Aus der Fülle starker Zitate dieser Tage habe ich u. a. diese notiert:

"Der Herr ist so groß, dass er es nicht notwendig hat, in unserem Sinn zu existieren"(rabbinisch).

"Gott ist nur als Unbekannter vorstellbar -ihn anschaulicher zu machen, macht ihn nur noch unbekannter"(Theologe Karl Barth).

"Einen Gott, den es gibt, den gibt es nicht. Weil er kein Seiender ist, sondern das Sein selbst"(Dietrich Bonhoeffer).

"Ich habe größte Schwierigkeiten, Gott überhaupt Eigenschaften zuzuschreiben"(Physiker Anton Zeilinger).
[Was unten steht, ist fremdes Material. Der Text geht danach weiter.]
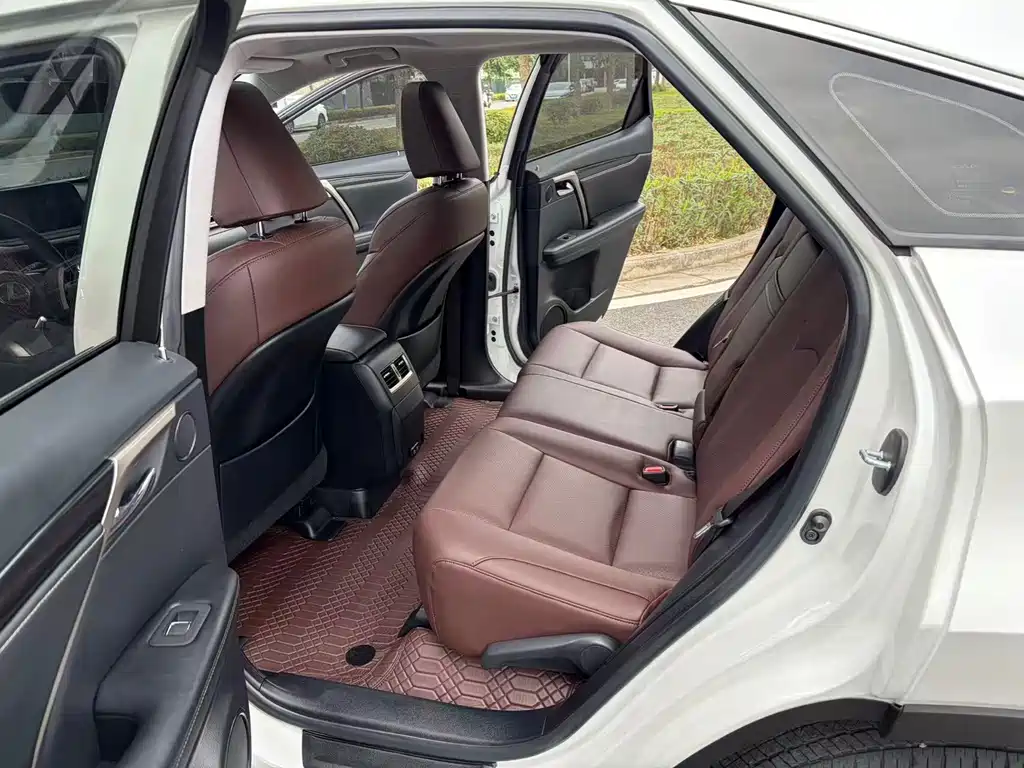Lexus RX 300 FWD Elite Edition 2020 Facelift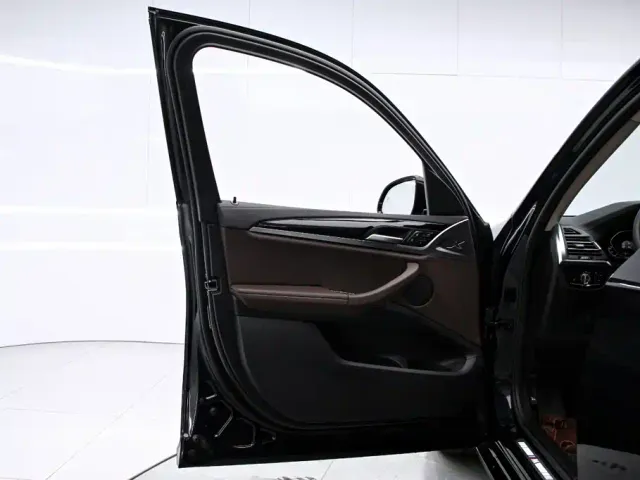 BMW iX3 — Фото автомобиля 12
"Egal, ob es Gott gibt oder nicht, ich brauche ihn. Gott fehlt!"(Literat Martin Walser).

Das "Fehlen Gottes" und die "Ewigkeit"

Was dieses "Fehlen Gottes" heute an säkularen Versuchen auslöst, irgendwie doch "Ewigkeit" zu erlangen, das schilderte der Philosoph Konrad Paul Liessmann: wie Menschen auf digitale Unlöschbarkeit, auf Medizintechniken (Klonen, Einfrieren, Identitätskopien), auf "Prominenz" und Macht hoffen. Dabei verschwieg Liessmann aber auch die eigene Skepsis über das christliche Auferstehungskonzept nicht.

Das für mich wichtigste Resümee kam vom Quantenphysiker Anton Zeilinger. Mutig sagte er: "Haben wir ein Recht, theologische Überlegungen beiseite zu schieben, nur weil sie dem Zeitgeist widersprechen? Ich glaube das nicht!" Um noch hinzuzufügen: "Vielleicht wird man irgendwann einmal sagen, dass unsere Naturwissenschaften eigentlich die Geschichte des Wirkens Gottes in der Welt sind."

Worauf Erhard Busek das Feuerwerk der Gedanken mit einem Rilke-Wort schloss: "Hiersein ist herrlich!"